WORK TO COMPLETE
Starting with the line below that holds "eBlue_economy_The Port of" and stopping after the line that holds "Dumpling Ramen Bowl Recipe", transcribe the lines exactly, leaving out all pictures.

*** MATERIAL SHOWN ***

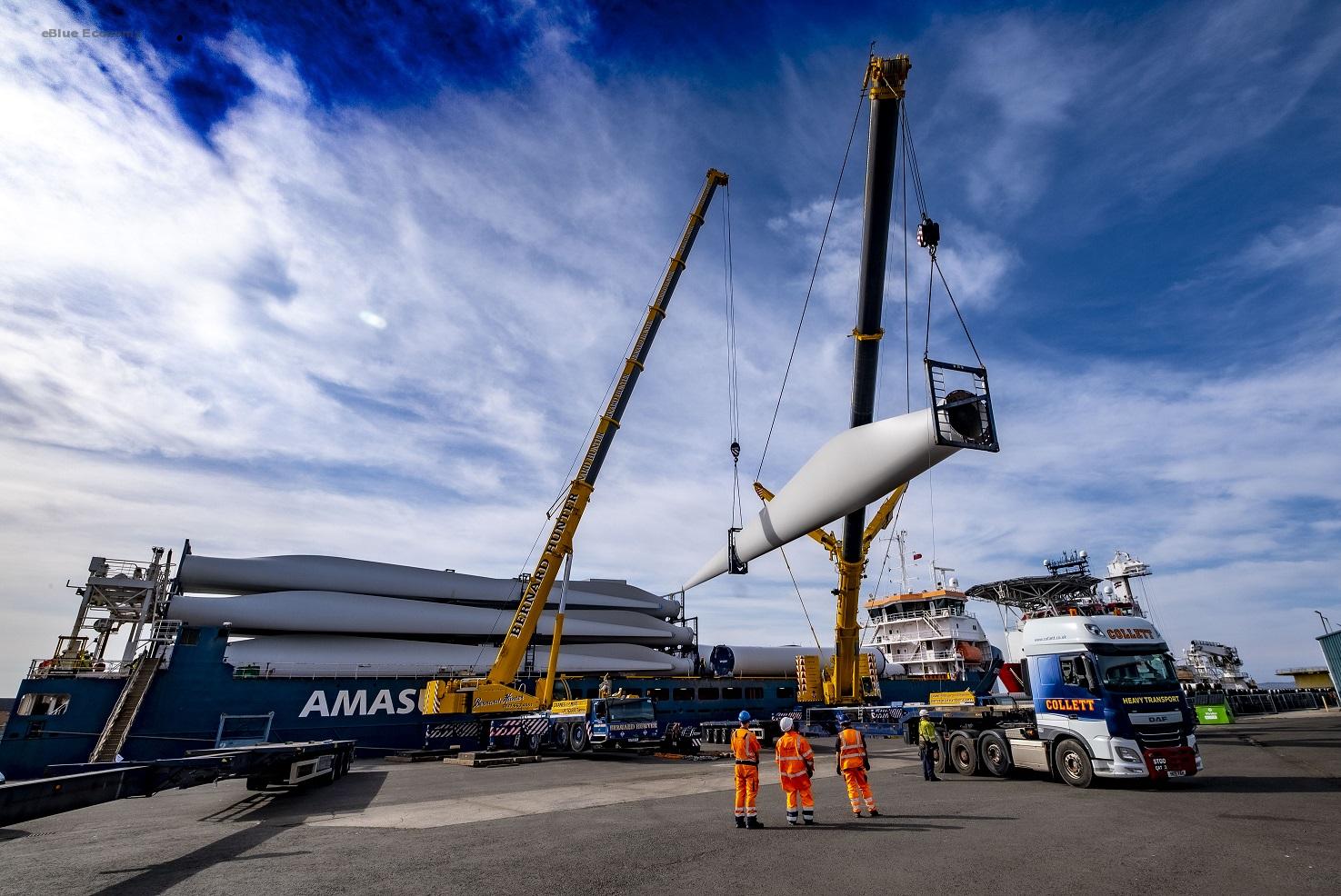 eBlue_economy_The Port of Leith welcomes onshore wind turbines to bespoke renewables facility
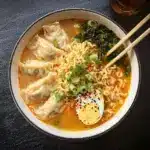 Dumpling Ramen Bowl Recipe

*** End of MATERIAL SHOWN ***
*** MATERIAL SHOWN ***

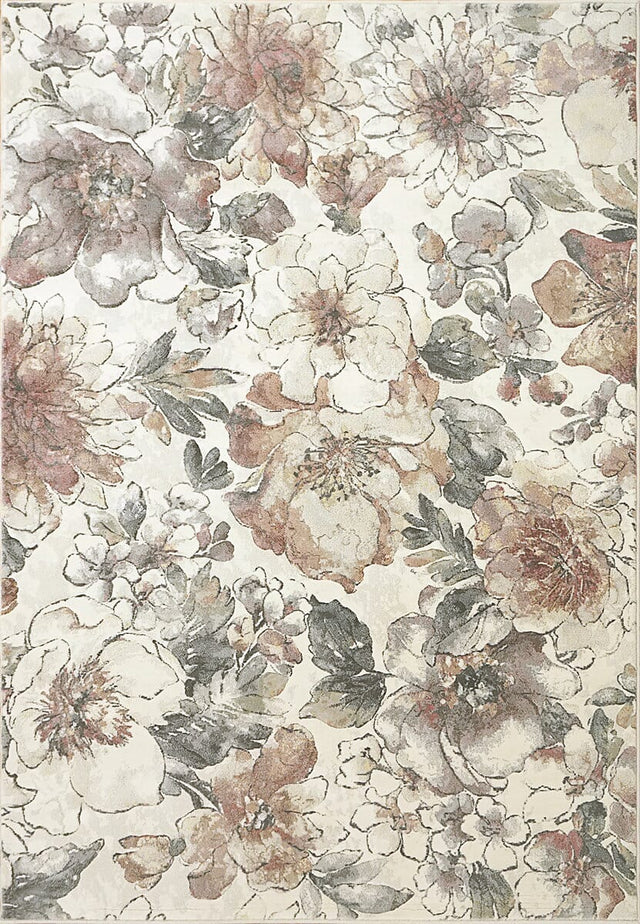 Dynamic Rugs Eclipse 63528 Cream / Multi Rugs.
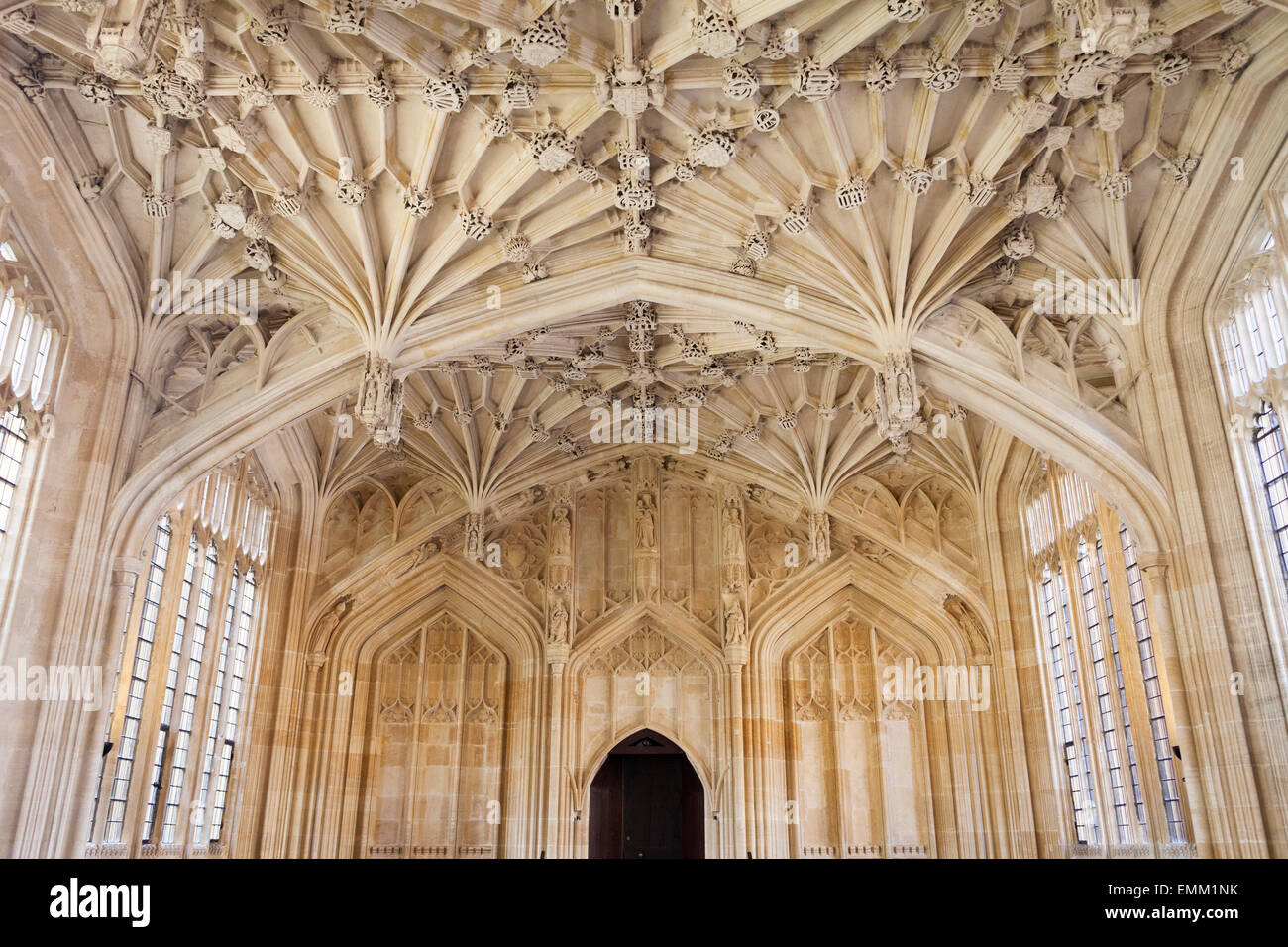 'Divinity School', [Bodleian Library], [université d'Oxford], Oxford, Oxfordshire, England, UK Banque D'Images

*** End of MATERIAL SHOWN ***

ANSWER SECTION
 eBlue_economy_The Port of Leith welcomes onshore wind turbines to bespoke renewables facility
 Dumpling Ramen Bowl Recipe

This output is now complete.